Big Love – Season 3
Release Date: Tuesdays, 8:30 pm
Bill Paxton stars as Bill Hendrickson, a former fundamentalist Mormon cult member who is now making his way as a businessman outside the confines of the compound he grew up in. His three wives run an integrated family spread over three adjacent homes, methodically booking his time each week as he works to bring in the money. The series’ twisted take on marriage is strangely compelling because of the sense of sisterhood its women share. What Big Love offers under the guise of healthy polygamy, though, are actually the Bible-assured benefits of faithful monogamy and normal Christian community. However in season three the fallacy frays at the edges with the wives’ split loyalties ready to tear the Hendricksons apart. It’s riveting drama if only as a study in self-deceit. Viewers should be warned that the cameras aren’t afraid of following Bill into the bedroom and bathroom.
Five Minutes of Heaven
Release Date: March 18
Five Minutes of Heaven is 89 minutes of tense drama. It is one of those niche films that probe the wounds that exist at the juncture of public crisis and personal tragedy.

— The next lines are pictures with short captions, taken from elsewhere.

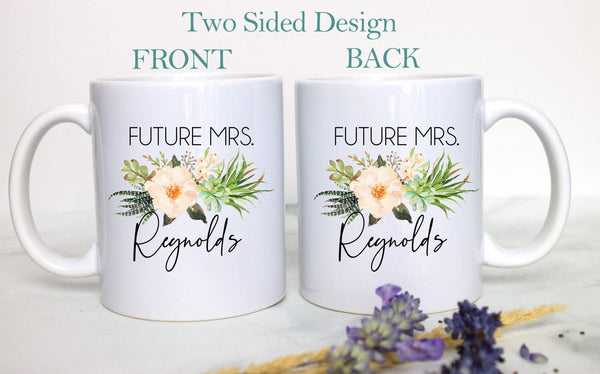 Future Mrs. Bohemian Succulent Custom Name - White Ceramic Mug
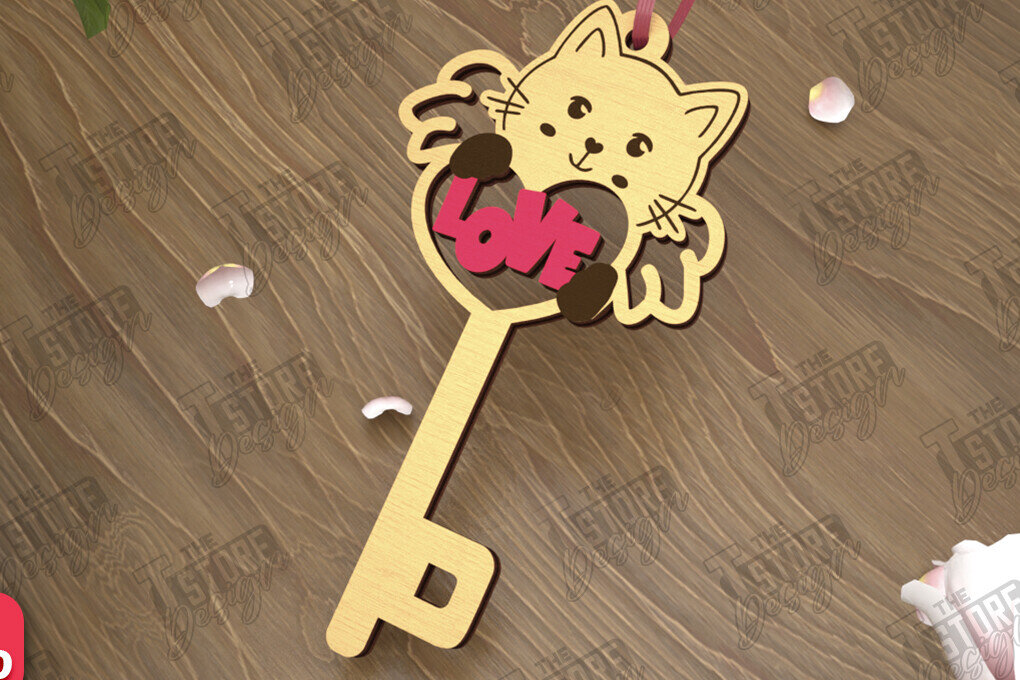 Intra απο ξύλο plywood 3mm-4mm πάχος – Κλειδί για την ημέρα του Αγίου Βαλεντίνου| Ιδέα δώρου |Μπρελόκ Δίασταση  5x5 cm INTRAFABR-110260536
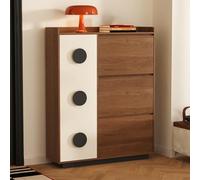 Slim Shoe Storage Cabinet with 3 Flip Drawers Wooden Shoe for Entryway Living Room & Bedroom Space-Saving Hidden Design (Brown)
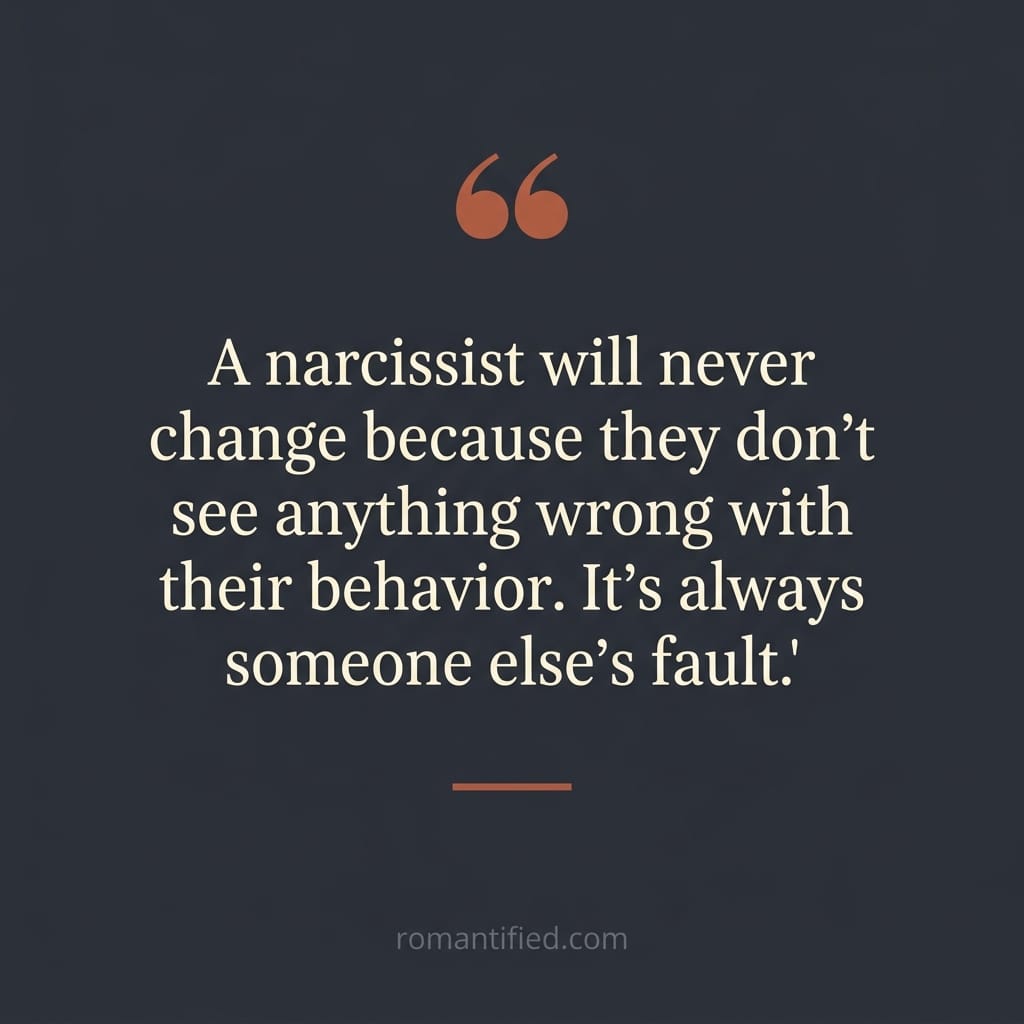 Quote card about a narcissist never changing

In this case it is the Troubles in Northern Ireland, and the impact they have on two young men on either side of the Catholic / Protestant divide. James Nesbitt plays Joe Griffen, a shattered man who, as a boy, watched an Ulster Volunteer Force member shoot his older brother in the head. Liam Neeson is Alistair Little, the man who pulled the trigger. Three decades have passed but neither man has moved on from that moment in time. Now a television series endeavours to place them in a room together for the first time to answer the question, ‘Is reconciliation really possible?’ There are no easy solutions on display in Five Minutes of Heaven. Christians must never stop talking about the transformative power of forgiveness, but films like Five minutes of Heaven should teach us to count the cost. The film clearly shows the incredible difficulties with reconciliation on this earth. Not only do the perpetrators have to change their entire world view so that realise ‘right’ is actually ‘wrong’, but the victims have to give up their desire for judgment. It’s an imperfect ending for an imperfect world, but well worth the watch.